On this date in 1568, Leonor de Cisneros was burned as a heretic in Valladolid — nine years late, by her reckoning.

Leonor de Cisneros (English Wikipedia entry | a token Spanish Wikipedia entry | the much more detailed German) and her much older husband Antonio Herrezuelo* were among the first converts to the Lutheran circle in Valladolid funded by Don Carlos de Seso. The Inquisition got its hands on these wrongthinkers in the late 1550s and the result was an auto de fe on October 8, 1559 at which King Philip personally witnessed the Christlike suffering of Don Carlos and 12 of his adherents.

However, while 13 died, dozens of others succumbed to the Inquisition’s pressure to recant, and live. Leonor de Cisneros was one of them.

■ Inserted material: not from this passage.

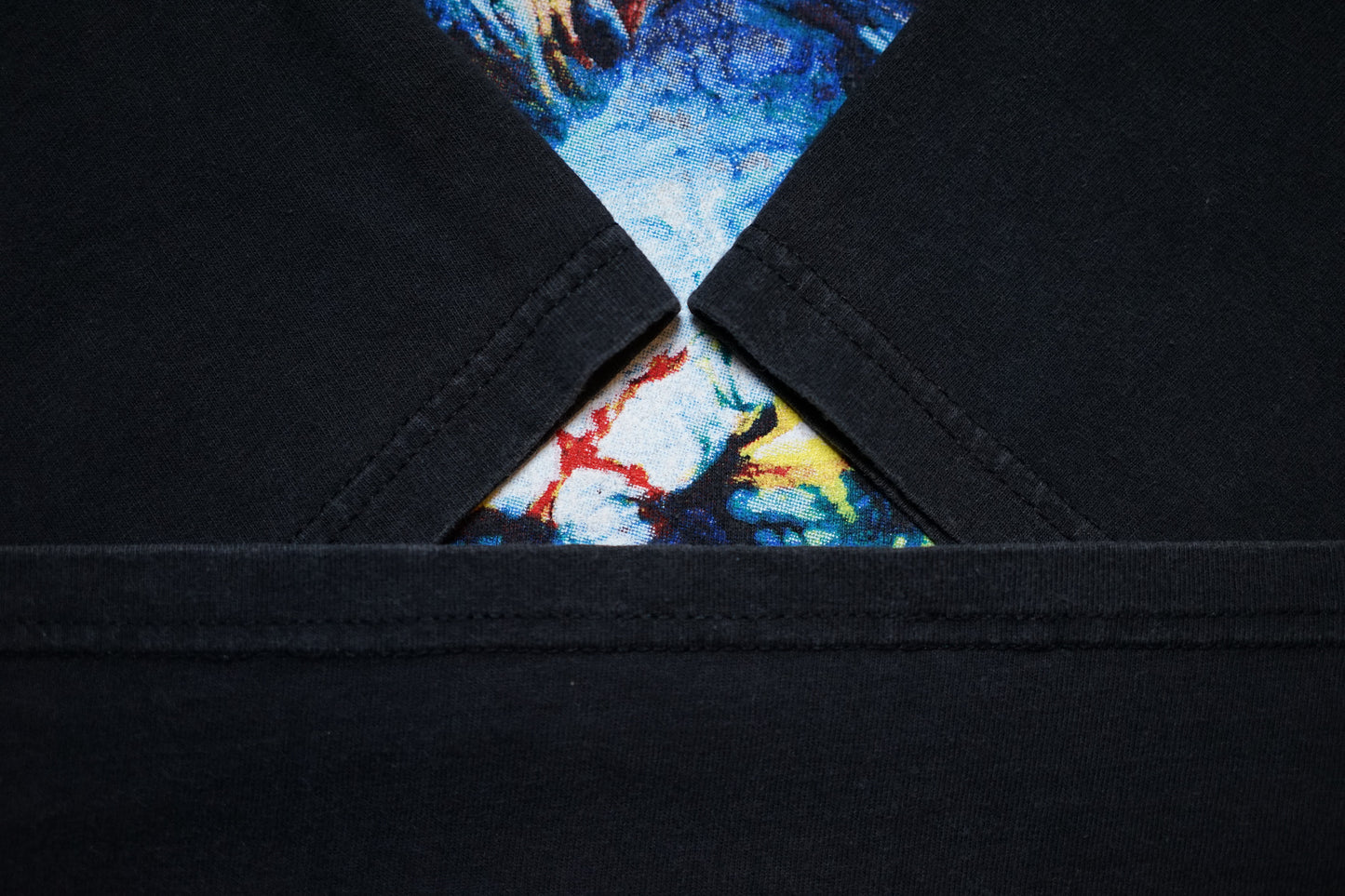 ROB ZOMBIE 100% HARDCORE WINTER LAND XL (k_032)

The monstrous spectacle of the auto de fe featured an elaborate symbolic language encoded for the spectators in the ritual sanbenitos in which the accused were made to parade, such as the example pictured at right.** Different patterns denoted which heretics were bound for the stake, and which had reconciled to a wary Church … and it is said that when Antonio, en route to his pyre draped in illustrations of hellfire to represent his fatal obduracy, beheld his wife in the colors of a penitent, he savagely reproached her cowardice.

Obviously shaken, Leonor returned to her prison with a prayer in her soul and a flea in her ear. Soon enough she had relapsed into her heresy, and this time no punishment or exhortation could move her — knowing as she well did that in her stubbornness she solicited her martyrdom.

* Leonor was born in the mid-1530s, so would have married and converted to Protestantism around the age of 18. Antonio was born about 1513.

** Source: this public-domain volume on the notorious Inquisitor Torquemada.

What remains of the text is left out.